__WHAT IS EXPECTED__:
Return the listing exactly, please; no pictures.

BEGIN DATA SECTION

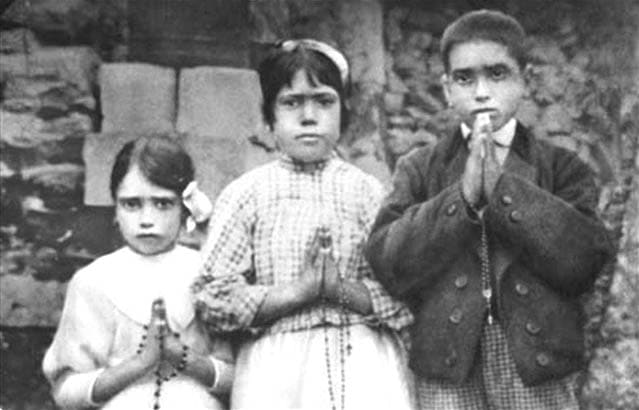 A 1917 photo of the real visionaries of Fatima: Jacinta (age 7), Lucia (age 10) and Francisco (age 9)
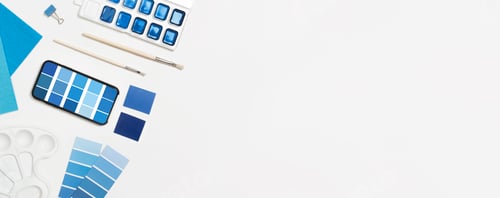 Preview: Classic Blue paints and paint brushes white background with space for text.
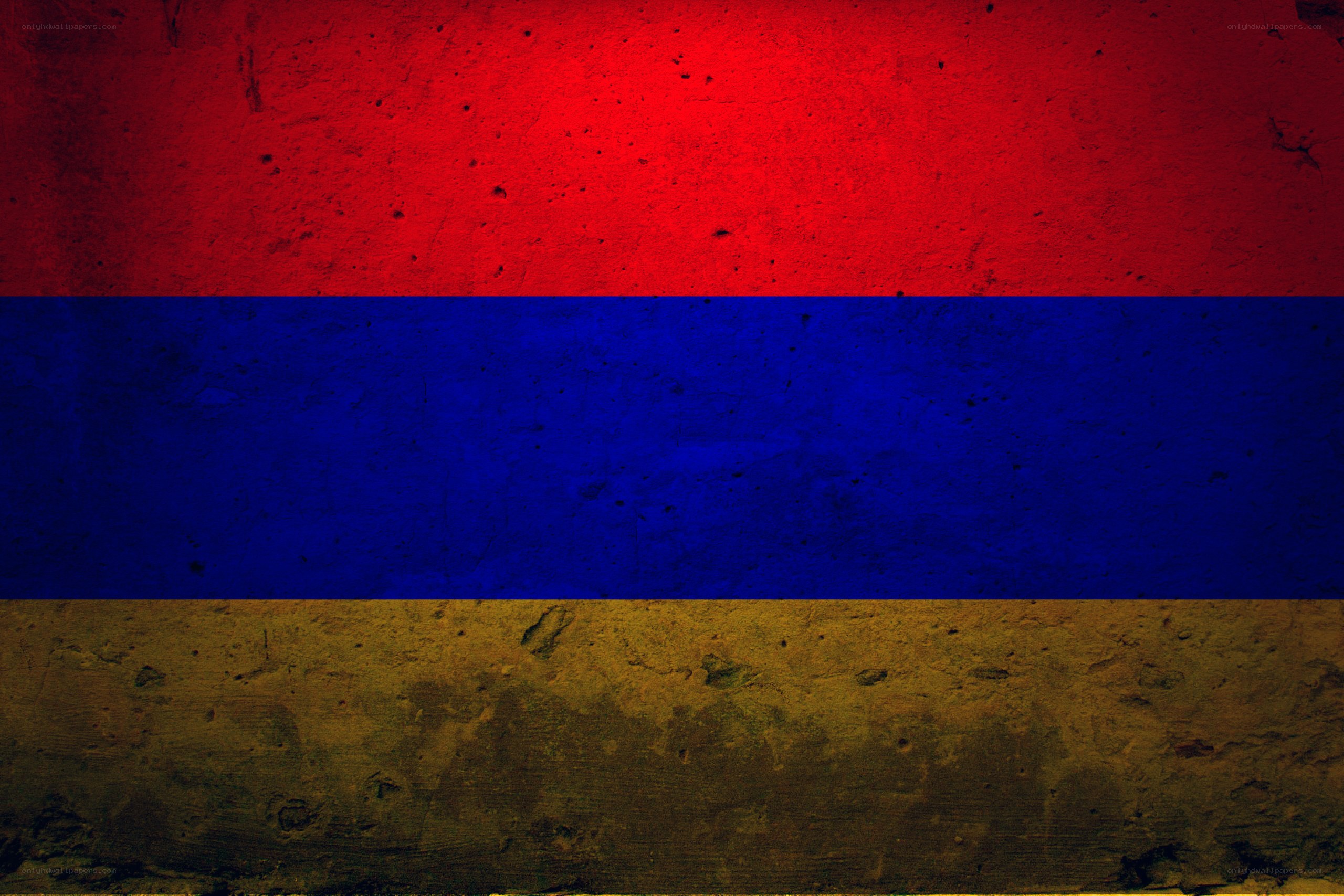 Armenian flag on textured wall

END DATA SECTION

__EXERCISE OUTPUT__:
 A 1917 photo of the real visionaries of Fatima: Jacinta (age 7), Lucia (age 10) and Francisco (age 9)
 Preview: Classic Blue paints and paint brushes white background with space for text.
 Armenian flag on textured wall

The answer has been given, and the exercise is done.